▶ **WHAT TO DO**
Using the records below, copy exactly the part that opens with the line holding "With your color" and closes with the line holding "Hello friends. Welcome", minus the pictures.

▶ **RECORDS PROVIDED**
*** Block opens ***

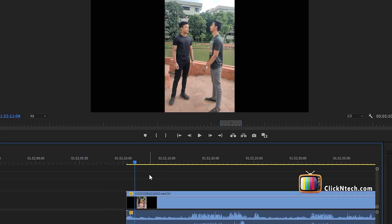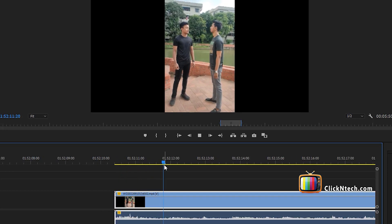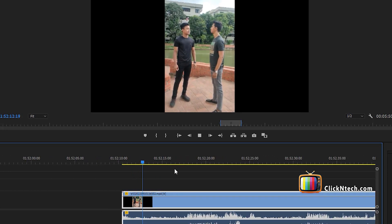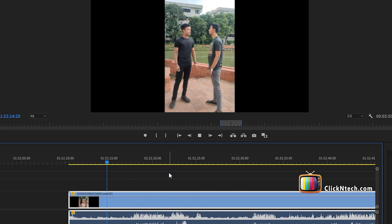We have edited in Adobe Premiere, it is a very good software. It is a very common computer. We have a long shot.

*** Block closes ***
*** Block opens ***

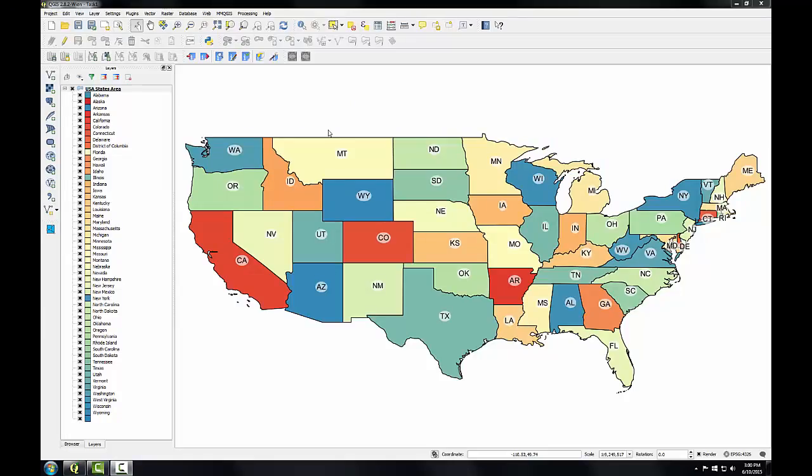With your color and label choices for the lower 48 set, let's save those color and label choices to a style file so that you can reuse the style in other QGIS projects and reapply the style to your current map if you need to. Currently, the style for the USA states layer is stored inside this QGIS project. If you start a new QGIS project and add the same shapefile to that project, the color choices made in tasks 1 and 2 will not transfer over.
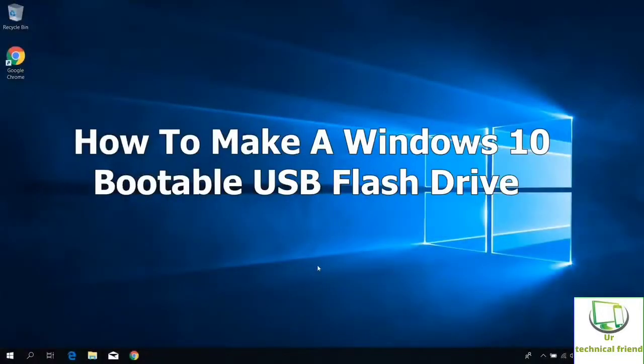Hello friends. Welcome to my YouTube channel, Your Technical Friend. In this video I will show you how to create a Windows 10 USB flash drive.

*** Block closes ***

▶ **EXERCISE OUTPUT**
With your color and label choices for the lower 48 set, let's save those color and label choices to a style file so that you can reuse the style in other QGIS projects and reapply the style to your current map if you need to. Currently, the style for the USA states layer is stored inside this QGIS project. If you start a new QGIS project and add the same shapefile to that project, the color choices made in tasks 1 and 2 will not transfer over.
Hello friends. Welcome to my YouTube channel, Your Technical Friend. In this video I will show you how to create a Windows 10 USB flash drive.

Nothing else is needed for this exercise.